*MATERIALS PROVIDED*
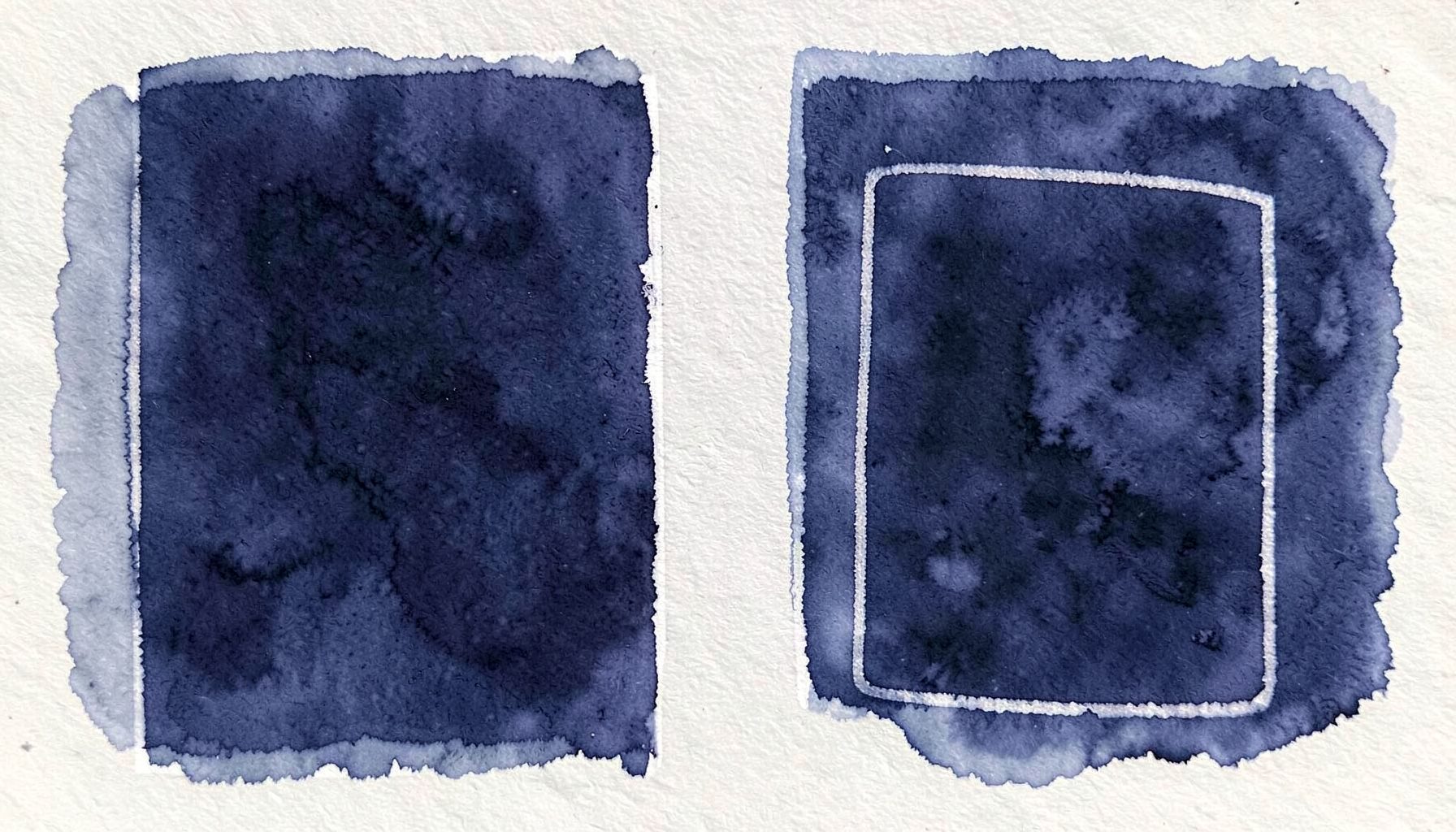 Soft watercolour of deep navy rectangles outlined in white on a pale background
--
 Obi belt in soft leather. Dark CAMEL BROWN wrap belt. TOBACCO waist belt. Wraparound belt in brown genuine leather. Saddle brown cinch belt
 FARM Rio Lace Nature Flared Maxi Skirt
==
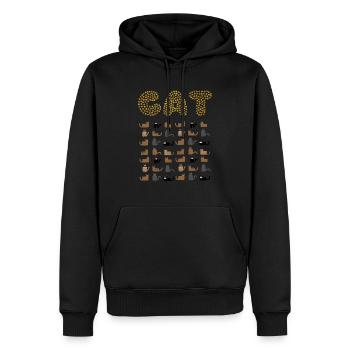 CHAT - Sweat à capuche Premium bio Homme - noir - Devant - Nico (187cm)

*YOUR OBJECTIVE*
Above are the entries. Output exactly the lines beginning with the line that has "Obi belt in" and ending with the line that has "FARM Rio Lace Nature Flared Maxi Skirt".

*ANSWER TO THIS PROBLEM*
 Obi belt in soft leather. Dark CAMEL BROWN wrap belt. TOBACCO waist belt. Wraparound belt in brown genuine leather. Saddle brown cinch belt
 FARM Rio Lace Nature Flared Maxi Skirt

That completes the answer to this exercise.